Posted by: admin July 12, 2020 Leave a comment

Questions:

My users upload zip files through FTP, then a php file adds them to a RSS file.

I’m trying to find a way to check each ZIP files to validate the file and check if it is broken or if the upload is unfinished. Is there a way to do that ?

How to&Answers:

The result from open can be also be true, which should be evaluated first. Without the check ZipArchive:ER_NOZIP, which equals (int) 1, will always match.

$zip = new ZipArchive();
$res = $zip->open('test.zip', ZipArchive::CHECKCONS);
if ($res !== TRUE) {
    switch($res) {
        case ZipArchive::ER_NOZIP:
            die('not a zip archive');
        case ZipArchive::ER_INCONS :
            die('consistency check failed');
        case ZipArchive::ER_CRC :
            die('checksum failed');
        default:
            die('error ' . $res);
    }
}

Answer:

You can use the ZipArchive class for this. Since PHP5.2 it is part of the standard php distribution.

Use it like this:

$zip = new ZipArchive();

// ZipArchive::CHECKCONS will enforce additional consistency checks
$res = $zip->open('test.zip', ZipArchive::CHECKCONS);
switch($res) {

    case ZipArchive::ER_NOZIP :
        die('not a zip archive');
    case ZipArchive::ER_INCONS :
        die('consistency check failed');
    case ZipArchive::ER_CRC :
        die('checksum failed');

    // ... check for the other types of errors listed in the manual
}

If the zip archive is incomplete or broken in other ways $zip->open() will return ZipArchive::ER_NOZIP

Answer:

How to detect corrupt files with CRC mismatch:

ZipArchive seems unable to detect broken files. ZipArchive::CHECKCONS doesn’t help, only if it’s not a ZIP file at all. It happily decompressed corrupt files in my tests and the client downloading the data is not informed.

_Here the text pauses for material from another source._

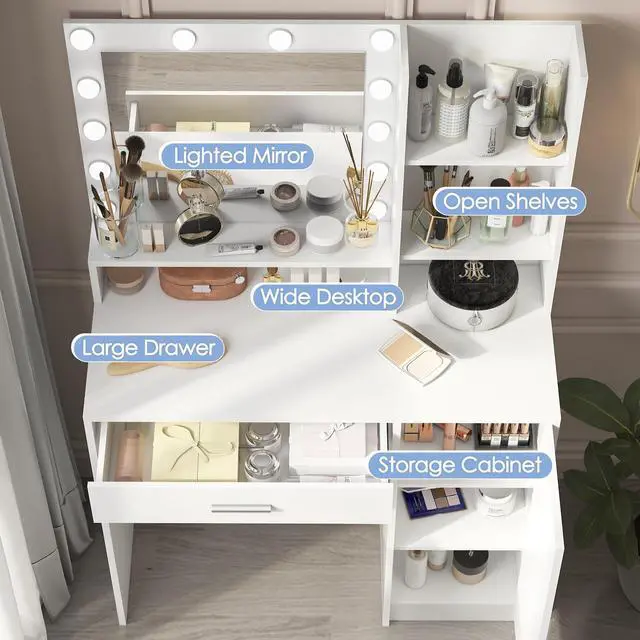 Alt view image 2 of 6 - Vanity Desk with Mirror & Light, Large Drawer Three Level Storage Dresser, 3 Lighting Modes Adjustable Brightness, Bedroom Dressing Table(white)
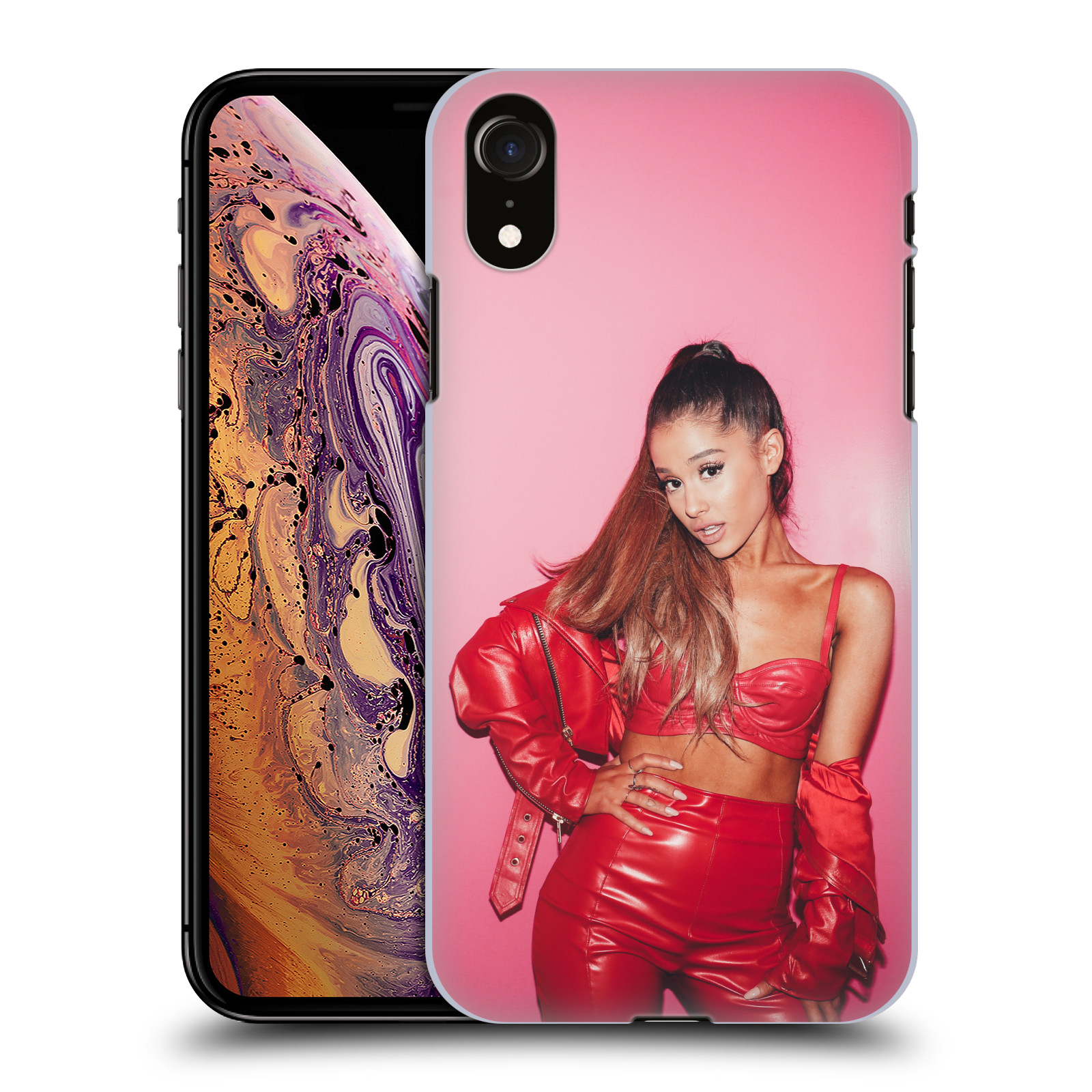 Zadní obal pro mobil Apple Iphone XR - HEAD CASE - Zpěvačka Ariana Grande růžové pozadí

Creating a corrupt archive for testing is simple – zip some files and change a byte with a hex editor in the resulting ZIP file. Now you can test the file with a ZIP application to learn which file inside the archive is corrupt.

You can simply verify CRCs on the server for smaller files:

<?php
$maxsize = 1024*1024;
$z = new ZipArchive;
$r = $z->open("foo.zip", ZipArchive::CHECKCONS);
if($r !== TRUE)
  die('ZIP error when trying to open "foo.zip": '.$r);

$stat = $z->statName("mybrokenfile.txt");
if($stat['size'] > $maxsize)
  die('File too large, decompression denied');
$s = $z->getStream($file);
$data = stream_get_contents($s, $maxsize);
fclose($s);
if($stat['crc'] != crc32($data))
  die('File is corrupt!');
//echo 'File is valid';

//you may send the file to the client now if you didn't output anything before
header('Content-Description: File Transfer');
header('Content-Type: application/octet-stream');
header('Content-Disposition: attachment; filename="mybrokenfile.txt"');
header('Content-Transfer-Encoding: binary');
header('Content-Length: ' . $stat['size']);
ob_clean();
echo $data;
$z->close();
?>

If the file shall not be fully decompressed on the server but decompressed while streaming to the client due to it’s size, the file transfer already startet and printing an error message later doesn’t work. Maybe the best way would be to interrupt the connection before closing the file transfer. The client should be able to detect this as corrupt download.
On the server side a function is needed, that can calculate the CRC32 on streamed data stepwise.